Additional assignments can also be made. Here the label for the first mode (rows) is shown explicitly next to the data array (like sample labels). Also, titles, axis, and titles are assigned.

»wined.labelname{1} = 'Countries';
»wined.label{1} = ...
{'France' ...
'Italy', ...
'Switz', ...
'Austra', ...
...
'Mexico'};
»wined.title{1} = 'Country';
»wined.class{1} = [1 1 1 2 3];
»wined.classname{1} = 'Continent';
»wined.axisscale{1} = 1:5;
»wined.axisscalename{1} = 'Country Number';

Additional assignments can also be made for mode 2. Here the label for the second mode (columns) is shown explicitly above the data array (like column headings). Also, titles, axis, and titles are assigned.

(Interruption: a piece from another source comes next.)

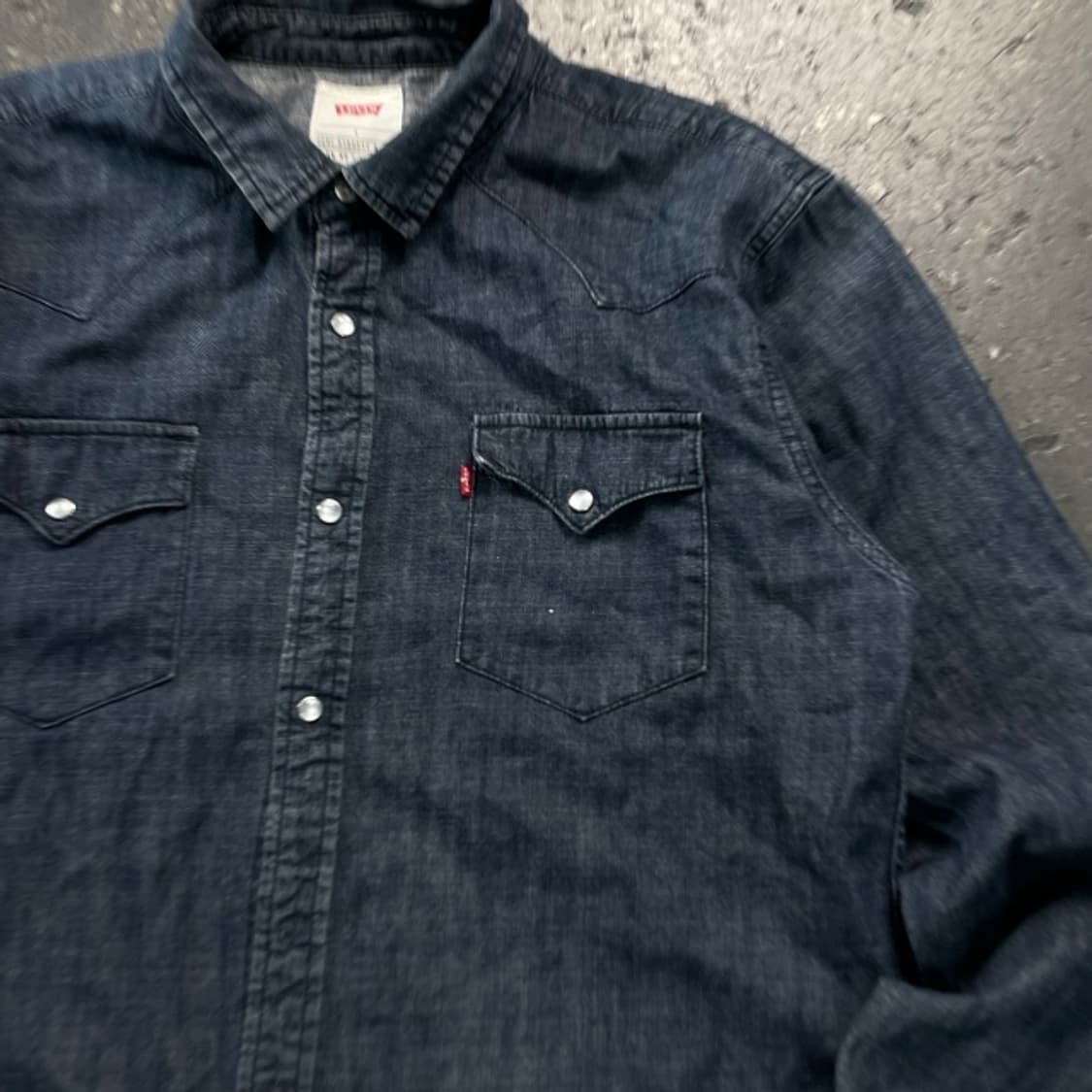 100 리바이스 웨스턴 데님셔츠  상품이미지2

»wined.labelname{2} = 'Variables';
»wined.label{2} = ...
{'Liquor','Wine','Beer','LifeExp','HeartD'};

If the data matrix is N-way the assignment process can be extended to Mode 3, Mode 4, ... Mode N. It can also be extended to using multiple sets of labels and axis scales e.g.

»wined.labelname{2,2} = 'Alcohol Content and Quality';
»wined.label{2,2} = {'high','medium','low','good','bad'};

An individual label can be replaced by further indexing into a given label set using curly braces followed by the string replacement:

»wined.label{2,2}{4} = 'excellent';

Sub-portions of the DataSet can be retrieved by indexing into the main DataSet object. For example, here the first three columns ('Liquor', 'Wine', and 'Beer') are extracted into a new DataSet named "alcohol":

»alcohol = wined(:,1:3);

Similarly, a shortcut to extract a single variable or sample out of the DataSet is to index into the main DataSet object using the label for the requested item. For example, to extract a DataSet containing only the Liquor values, you could use:

»alcohol = wined.liquor;

Note that the upper-case characters in the label do not matter. If there are any spaces or mathematical symbols in the label, you must enclose the label in parenthesis and quotes:

»alcohol = wined.('liquor');

Additionally, any field in the DataSet can also be indexed into directly. Here the second country name is pulled out of the labels by extracting the entire second row of the mode 1 labels:

»country2 = wined.label{1}(2,:);